9 1. Beginning - Teachers would provide basic safety precautions at the beginning, as well as an engaging demonstration to grab students attention and raise curiosity. The teacher will provide a guiding direction of creating a working paper airplane. 2. Middle Teachers will minimally assist students with building a paper airplane. Teachers will introduce vocabulary to students at this time, to the class. 3. End- Teachers will introduce new Inquiry in which the students have to add cargo to their plane. This will lead into student research questions. Formative Assessment The teacher throughout the immersion will formatively assess students. Students will be required to create drawings of their airplanes, describe what they did to make their airplane work and write down questions they have about paper airplanes, in their science notebooks. RESEARCH QUESTIONS, PREDICTIONS *Notice the samples are in the nature you would expect from a 2nd grader, not a Senior Methods student Sample Research Questions (Please have at least 2 research questions) 1. What type of paper makes the airplane stay in the air the longest? 2. Which paper create an airplane that goes the highest? Sample Predictions (Please have at least 2 predictions that go with the research questions above) 1. The foil airplane will fly in the air the longest because it weighs the least.

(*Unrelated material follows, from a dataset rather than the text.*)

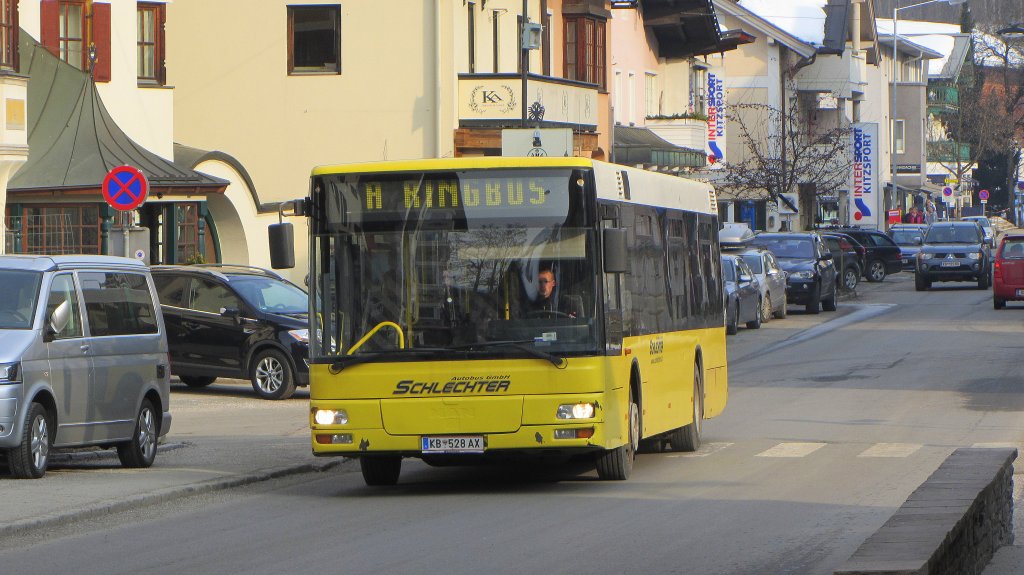 Ein MAN Lion&acute;s City 2 als Ringbus Kitzb�hel am 4.3.2012.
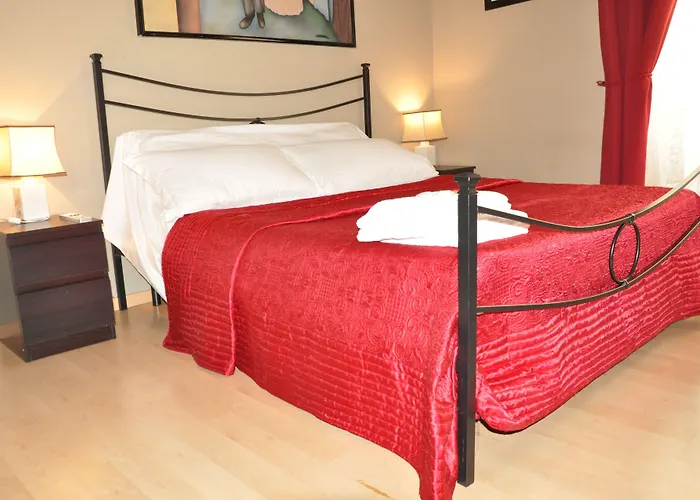 Romerooms Bed & Breakfast 4*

10 2. The wrapping paper airplane will fly the highest because it is more sturdy and will cut through the air better. Teacher Scaffolding during Research Questions and Predictions Phases BEGINNING At the beginning of Research Questions/Predictions the teacher will inform ask for components and variables that the students can explore. The students will then aid the teacher in creating a list of all the variables, what they can control and what they can manipulate on the board for the entire class to see. Variables may include types of paper, size of the paper plane, shape of the plane, mass, cutting/folding/bending and many more. The teacher may choose to limit the amount of variables for the research phase development to help guide the novice inquiry learners of the classroom, so that they may develop better and more experimental friendly questions. The teacher will then refer to this as a list of ideas the students can use to come up with something they want to explore or investigate through inquiry design. The teacher will also make references to the relationship between certain variables and use this as an instructional time to clarify any misconceptions that may have occurred during the immersion. Different methods of building an airplane will be demonstrated, but not shown their conclusions, and the teacher will ask questions about why the different types of paper acted differently, why different folding/cutting/bending changed the paper airplane s flight, etc. If the class is more experienced in inquiry, the teacher may not bring up these points as they may limit the more advanced inquiry students, thus limiting their creativity. Predictions for the beginning phase will be monitored to make sure that they are in line with the research question asked. The teacher will make sure the students have testable variables and that the predictions are aligned with the research questions they developed. MIDDLE Teachers will make minimal input during the research question development. Students will be expected to do group discussions, make concept maps, or drawings of what they want to explore. Students will be expected to identify 2 variables that they want to

11 explore from the class list on the board and be trying to develop questions. The teacher will make sure the groups are not stuck and the research questions are testable. The prediction phase in the middle requires more teacher input because they should be trying to engage the learners in more critical thought. The teacher will try to get students to review their notes/explanations/question/thoughts from immersion and prior background knowledge to develop a well thought out prediction. The teacher will manage the classroom by making sure students are not only creating a possible prediction, but are also justifying their predictions with evidence or background knowledge. END The end for both the research questions and prediction phases are very simply where the teacher will check- off each group s research questions as testable or untestable and predictions as adequate or inadequate.